### [Work required]
Output the line containing "6. Do you have any fears about this project?" and each line after it through the end of the data, exactly as written, with pictures left out.

Captioned web image data
○ ○ ○
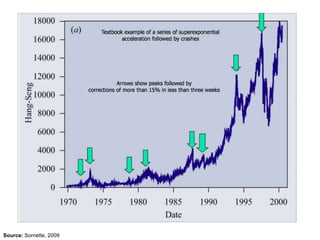 Collapse dynamics: Phase transitions in complex social systems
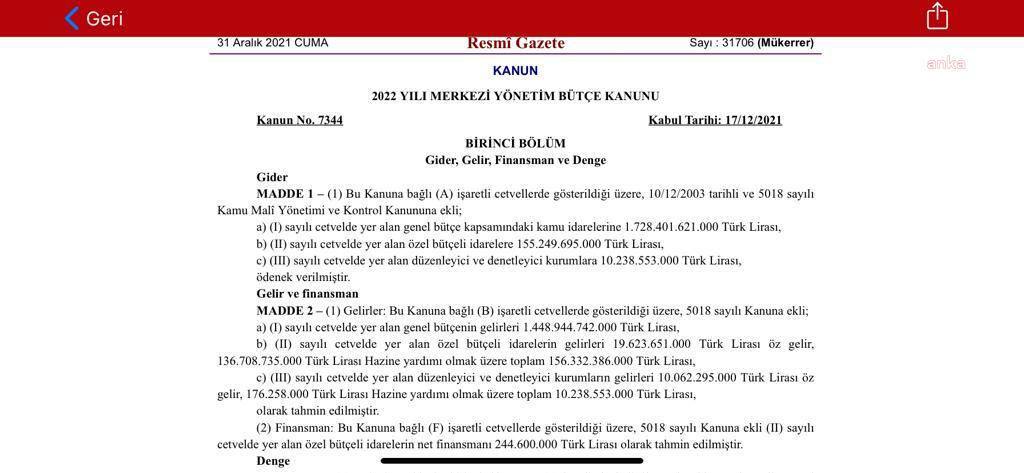 2020 MERKEZİ YÖNETİM KESİN HESAP KANUNU YAYINLANDI: 2020 YILI NET BÜTÇE GİDERİ 1 TRİLYON 203 MİLYAR 737 MİLYON LİRA OLDU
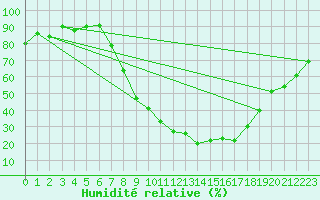 Courbe de l'humidit relative pour Talavera de la Reina
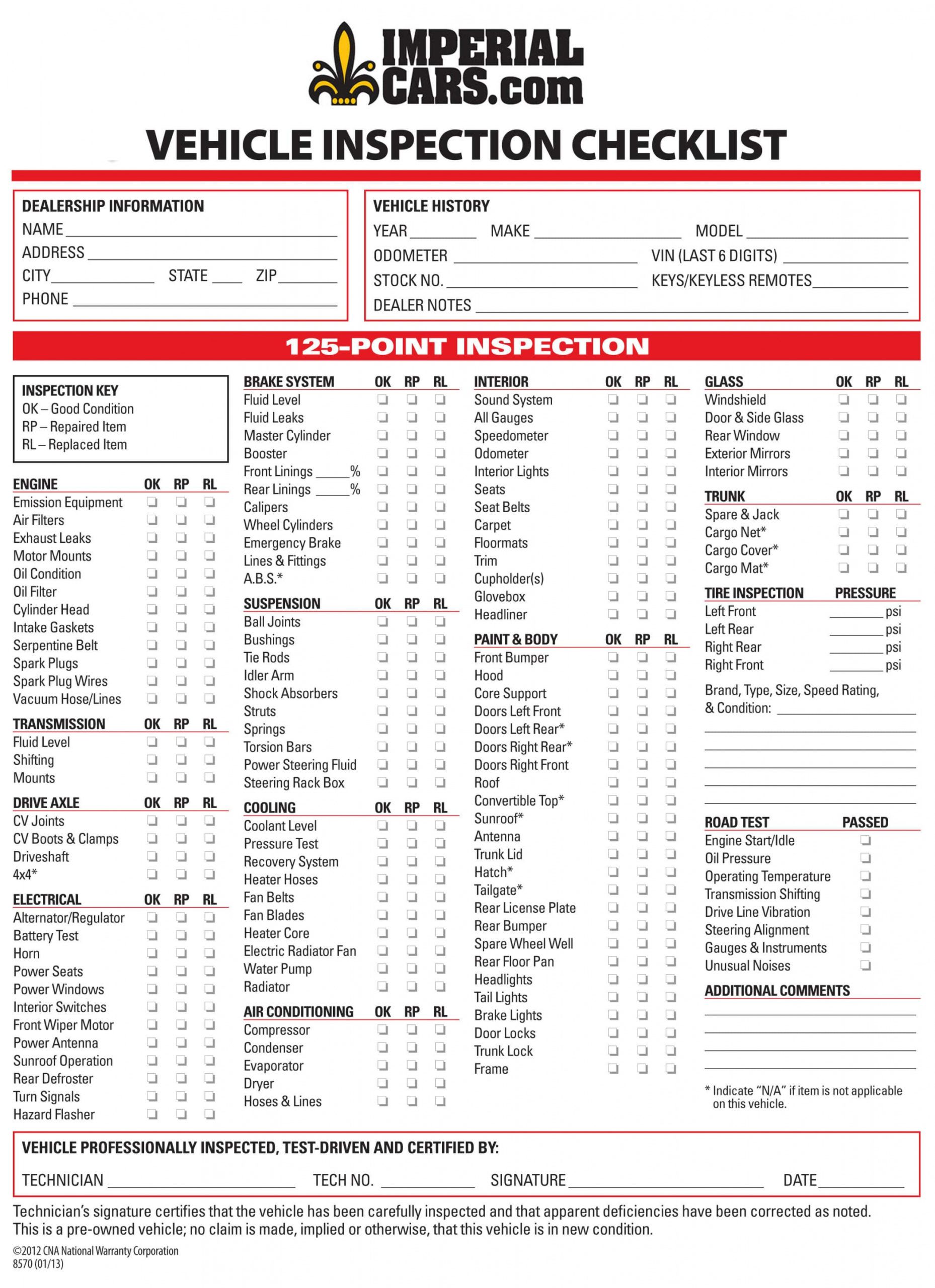 used-car-inspection-checklist-template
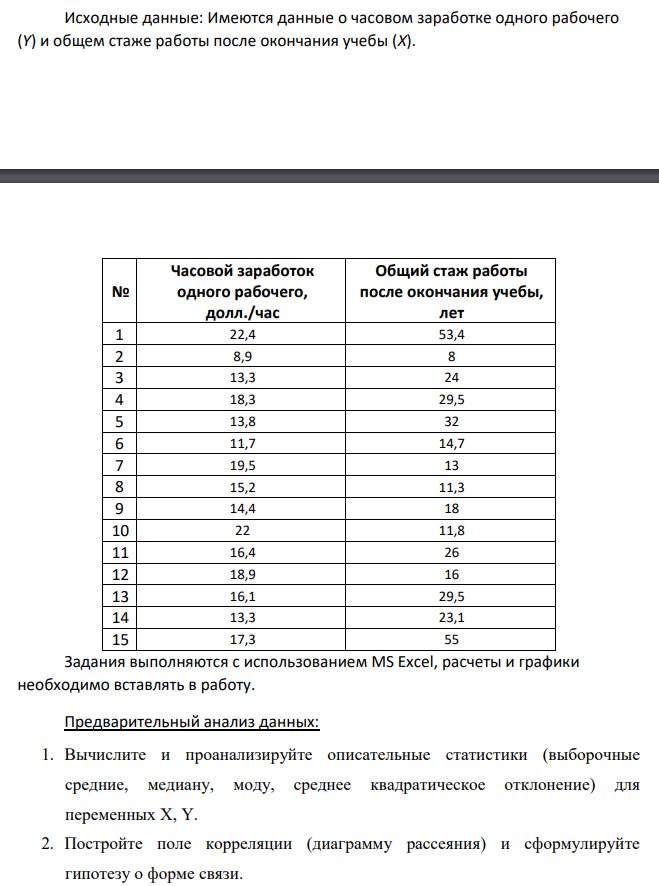 Исследовать зависимость часового заработка одного рабочего от общего стажа работы после окончания учебы путем построения уравнения парной линейной регрессии: Y X Исходные данные:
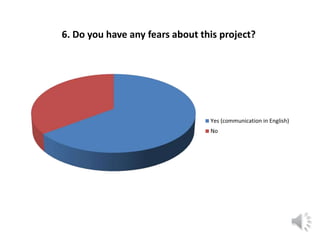 6. Do you have any fears about this project?
Yes (communication in English)
No
 
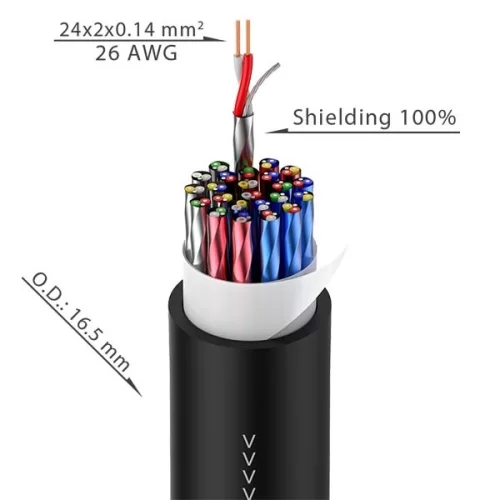 Roxtone TCC24 Мультикабель, 24х2х0,14 мм2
○ ○ ○
### [Completed exercise]
 6. Do you have any fears about this project?
Yes (communication in English)
No
 
 Roxtone TCC24 Мультикабель, 24х2х0,14 мм2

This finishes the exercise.